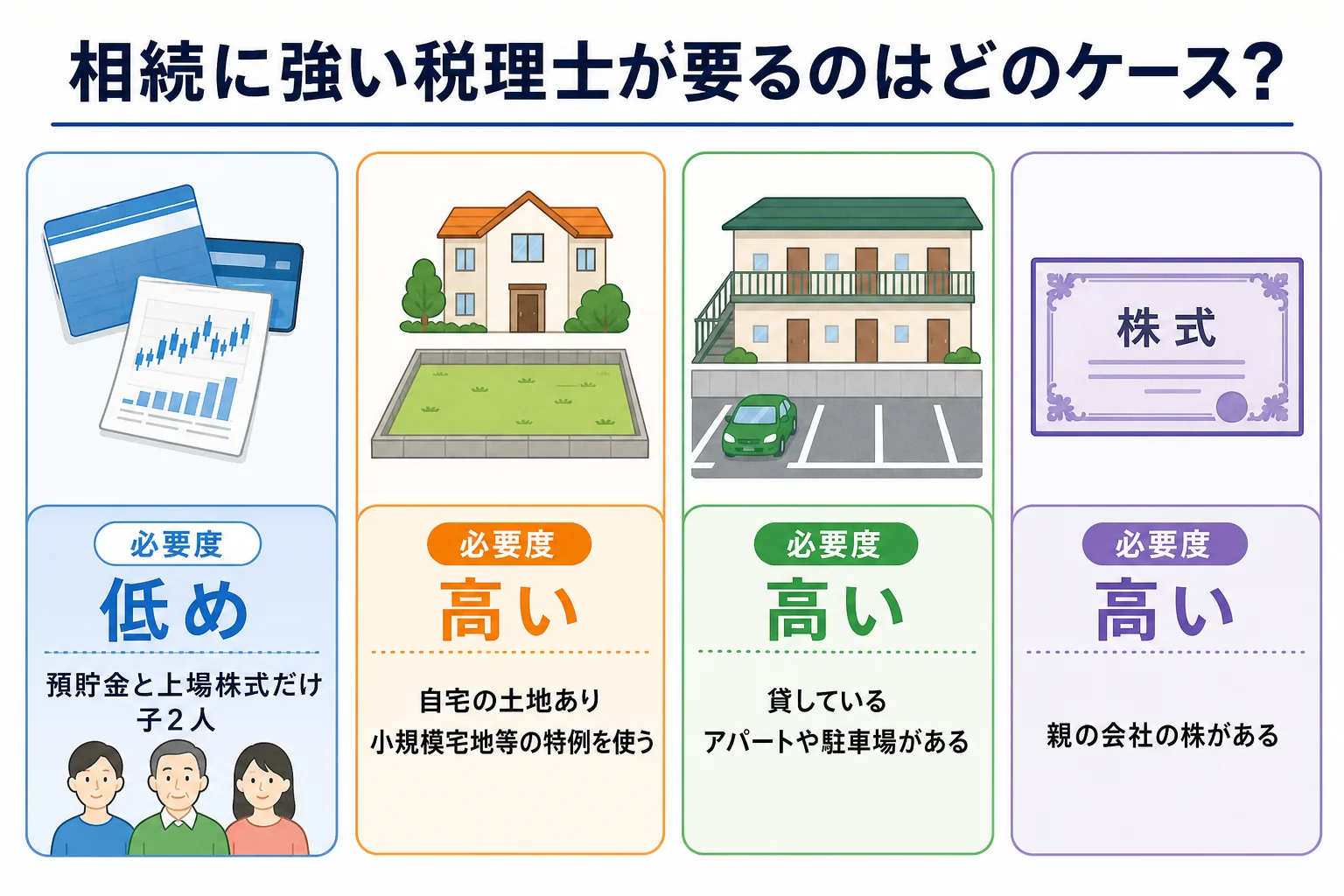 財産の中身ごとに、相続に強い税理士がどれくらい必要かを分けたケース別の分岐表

--

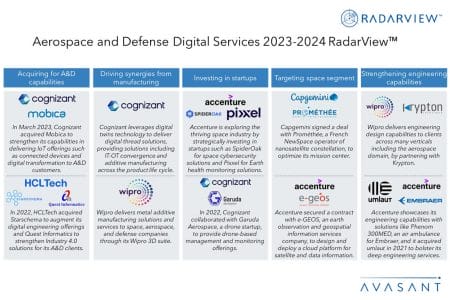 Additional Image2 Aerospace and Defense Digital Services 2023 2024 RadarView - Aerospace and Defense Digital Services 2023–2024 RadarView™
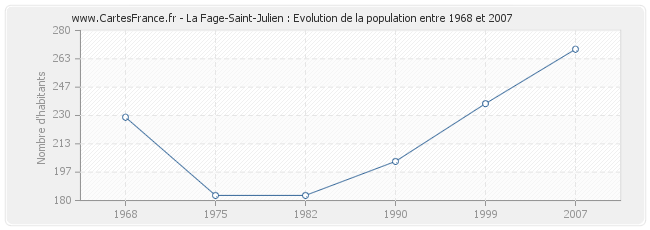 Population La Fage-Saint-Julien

### REQUIRED ACTION
In the material above, the stretch from the line with "Additional Image2 Aerospace" through the line with "Population La Fage-Saint-Julien" is to be given again exactly, minus the pictures.

### TASK RESPONSE
 Additional Image2 Aerospace and Defense Digital Services 2023 2024 RadarView - Aerospace and Defense Digital Services 2023–2024 RadarView™
 Population La Fage-Saint-Julien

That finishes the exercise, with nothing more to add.